PROBLEM STATEMENT:
The whole listing below needs to be duplicated exactly, pictures aside.

RECORDED INFORMATION:
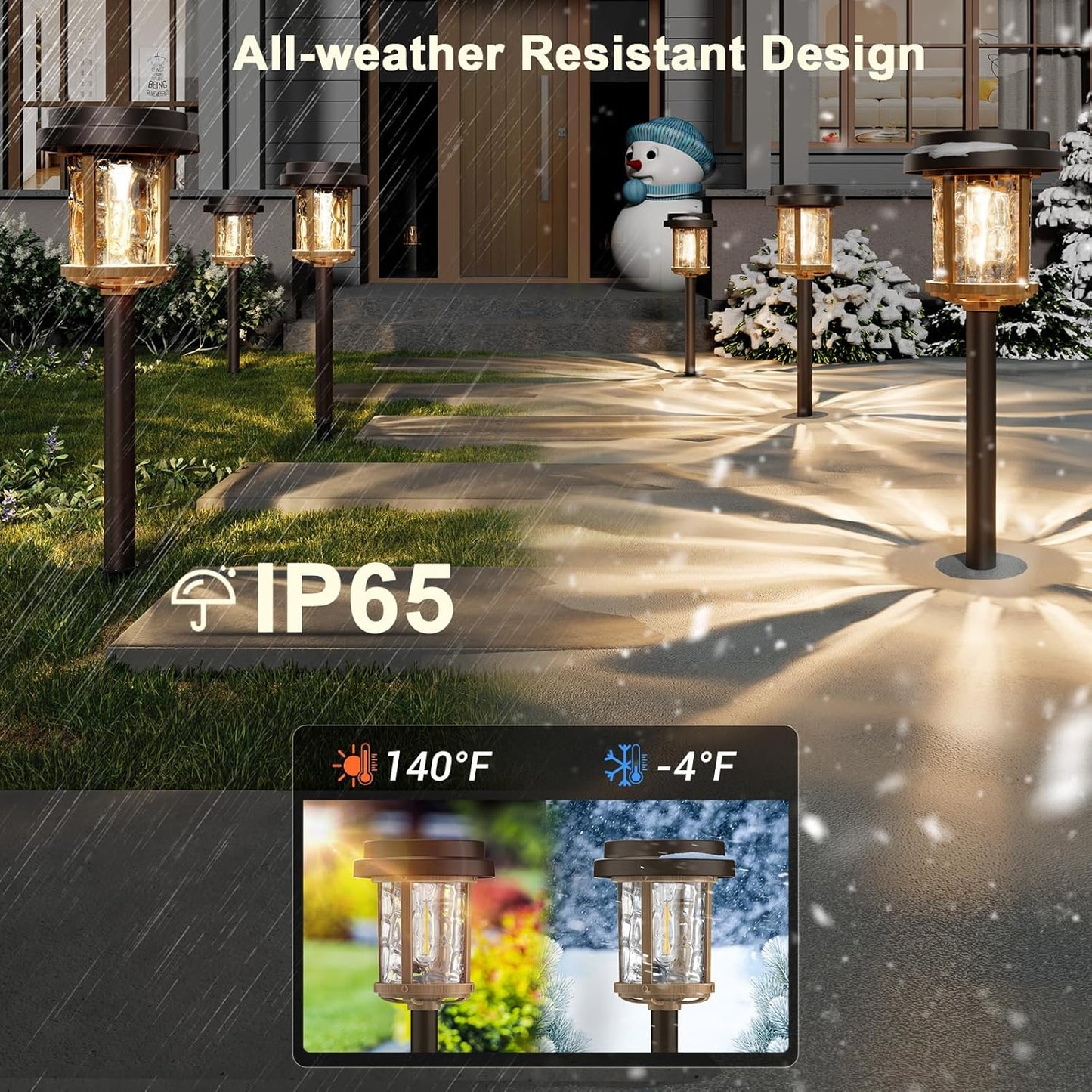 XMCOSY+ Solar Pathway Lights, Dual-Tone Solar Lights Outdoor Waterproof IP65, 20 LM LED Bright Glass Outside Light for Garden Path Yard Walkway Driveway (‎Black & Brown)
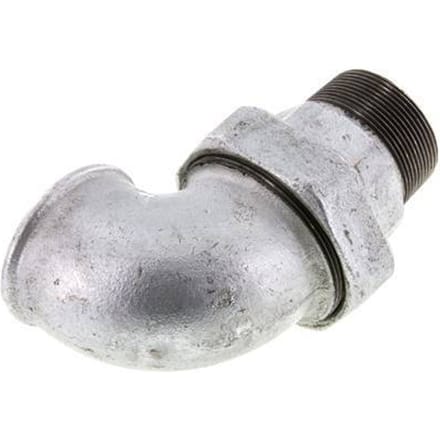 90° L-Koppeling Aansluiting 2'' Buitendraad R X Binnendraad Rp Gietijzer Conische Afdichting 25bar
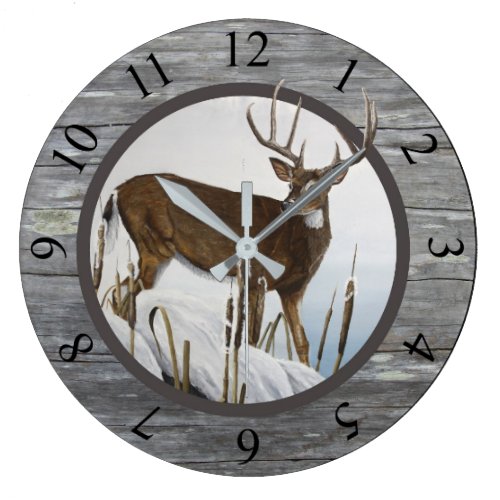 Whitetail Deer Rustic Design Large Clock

SOLUTION TO THE PROBLEM:
 XMCOSY+ Solar Pathway Lights, Dual-Tone Solar Lights Outdoor Waterproof IP65, 20 LM LED Bright Glass Outside Light for Garden Path Yard Walkway Driveway (‎Black & Brown)
 90° L-Koppeling Aansluiting 2'' Buitendraad R X Binnendraad Rp Gietijzer Conische Afdichting 25bar
 Whitetail Deer Rustic Design Large Clock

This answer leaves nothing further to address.